Delicious!!
Good Stuff | 06/17/2008
(5 out of 5 stars)
"ON MY WORD!!
Here we have one of a pair (so far) of CDs featuring the famous, if not infamous, transcriptions by Leopold Stokowski of the works of Johann Sebastian Bach, played by the BBC Philharmonic with great panache, recorded in the latest sparkling digital stereo sound by Chandos, and conducted, as if his life depended on it, by Matthias Bamert.
Bamert, a composer/conductor in his mid-sixties, studied with Boulez and Stockhausen, amongst others, apprenticed under Szell, later was an assistant conductor under Stokowski himself, and was named Resident Conductor of the Cleveland Orchestra under Lorin Maazel. He has served as Music Director of the Swiss Radio Orchestra, Principal Guest Conductor of the Royal Scottish National Orchestra and Director of the Glasgow contemporary music festival Musica Nova from 1985 to 1990. He has conducted the world premieres of works by many composers, including Toru Takemitsu, John Casken, James MacMillan and Wolfgang Rihm. As Director of the Lucerne Festival from 1992 to 1998, he was responsible for the opening of a new concert hall, instituted a new Easter Festival, a piano festival, expanded the programme and increased the festival's activities.
All this is by way of explaining that Maestro Bamert is a conductor of impeccable credentials, which can only cause one to wonder as to why he has decided to record the oh-so unfashionable transcriptions of Leopold Stokowski (there are also CDs with Bamert/BBC performing Stokowski's transcriptions/orchestrations of the music of Mussorgsky, Wagner, Handel, and Vivaldi, amongst others).
Has he gone mad?
Or, perhaps, has he discovered that these old chestnuts, these testaments to Leopold Stokowski's egocentricities, these musical war horses, long thought dead, might just be something more?

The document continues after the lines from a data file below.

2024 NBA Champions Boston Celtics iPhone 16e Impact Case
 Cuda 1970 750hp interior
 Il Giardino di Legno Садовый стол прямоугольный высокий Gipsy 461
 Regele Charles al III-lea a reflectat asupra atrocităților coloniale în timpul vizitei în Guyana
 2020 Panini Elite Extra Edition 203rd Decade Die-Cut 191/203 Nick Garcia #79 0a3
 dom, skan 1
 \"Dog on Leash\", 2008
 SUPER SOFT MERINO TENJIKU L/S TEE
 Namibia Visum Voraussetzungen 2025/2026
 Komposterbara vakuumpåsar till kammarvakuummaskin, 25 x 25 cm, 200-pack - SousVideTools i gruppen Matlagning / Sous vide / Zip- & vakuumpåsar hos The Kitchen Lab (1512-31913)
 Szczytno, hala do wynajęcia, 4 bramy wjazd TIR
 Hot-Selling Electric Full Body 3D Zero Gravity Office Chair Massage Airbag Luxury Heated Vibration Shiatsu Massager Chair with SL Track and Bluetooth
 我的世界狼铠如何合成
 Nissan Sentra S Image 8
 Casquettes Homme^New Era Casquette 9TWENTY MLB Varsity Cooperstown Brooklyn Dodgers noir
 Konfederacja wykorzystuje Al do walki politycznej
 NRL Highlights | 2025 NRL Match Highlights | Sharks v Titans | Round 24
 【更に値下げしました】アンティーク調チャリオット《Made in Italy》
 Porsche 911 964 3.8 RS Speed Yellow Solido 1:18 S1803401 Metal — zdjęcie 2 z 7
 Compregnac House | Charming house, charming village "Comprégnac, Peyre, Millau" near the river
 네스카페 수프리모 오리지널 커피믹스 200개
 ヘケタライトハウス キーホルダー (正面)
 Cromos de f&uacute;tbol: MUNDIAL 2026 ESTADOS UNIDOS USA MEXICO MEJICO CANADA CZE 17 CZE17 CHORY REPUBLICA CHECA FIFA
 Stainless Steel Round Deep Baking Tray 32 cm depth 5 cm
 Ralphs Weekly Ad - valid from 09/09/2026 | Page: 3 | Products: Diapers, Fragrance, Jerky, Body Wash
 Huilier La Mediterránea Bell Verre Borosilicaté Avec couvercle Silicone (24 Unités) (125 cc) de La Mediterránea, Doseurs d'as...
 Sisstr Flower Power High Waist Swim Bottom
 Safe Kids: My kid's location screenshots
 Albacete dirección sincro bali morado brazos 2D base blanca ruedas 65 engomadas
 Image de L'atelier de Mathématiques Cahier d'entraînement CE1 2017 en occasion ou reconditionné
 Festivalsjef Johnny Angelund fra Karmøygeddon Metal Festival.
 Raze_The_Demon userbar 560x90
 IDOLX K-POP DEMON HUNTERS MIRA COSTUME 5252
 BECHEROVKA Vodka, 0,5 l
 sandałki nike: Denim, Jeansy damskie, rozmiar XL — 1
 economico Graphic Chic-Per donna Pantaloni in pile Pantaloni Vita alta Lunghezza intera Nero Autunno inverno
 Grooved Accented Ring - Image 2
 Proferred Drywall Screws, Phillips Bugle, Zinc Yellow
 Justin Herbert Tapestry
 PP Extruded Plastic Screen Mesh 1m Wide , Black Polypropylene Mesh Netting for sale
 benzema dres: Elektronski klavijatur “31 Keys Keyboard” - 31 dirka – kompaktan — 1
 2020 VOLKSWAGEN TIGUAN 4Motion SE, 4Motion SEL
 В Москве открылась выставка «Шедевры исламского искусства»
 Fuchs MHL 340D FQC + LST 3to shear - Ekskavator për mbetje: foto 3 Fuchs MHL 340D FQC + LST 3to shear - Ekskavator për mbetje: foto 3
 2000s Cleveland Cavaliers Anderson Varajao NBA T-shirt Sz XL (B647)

In this era of the never ending quest to perform "authentic" renditions of music exactly as we think the composer might have heard it (assuming, of course, Bach, Handel, Mussorgsky, Wagner and the rest owned the latest CD players), has Bamert discovered that sometimes music must be experienced merely for the sheer joy of it? Has Bamert discovered that perhaps "Stokie" knew what he was doing after all?
Beats me. But I can tell you this: I find these exhumations to be absolutely delightful, great, great fun and, yes, I'll say it, good music making as well. I find this, and its' companion CDs, to be thoroughly convincing and absolutely delightful. And in this era of political correctness to the 'nth degree, I find these naughty reminders of our not-so-distant musical past to be absolutely delicious!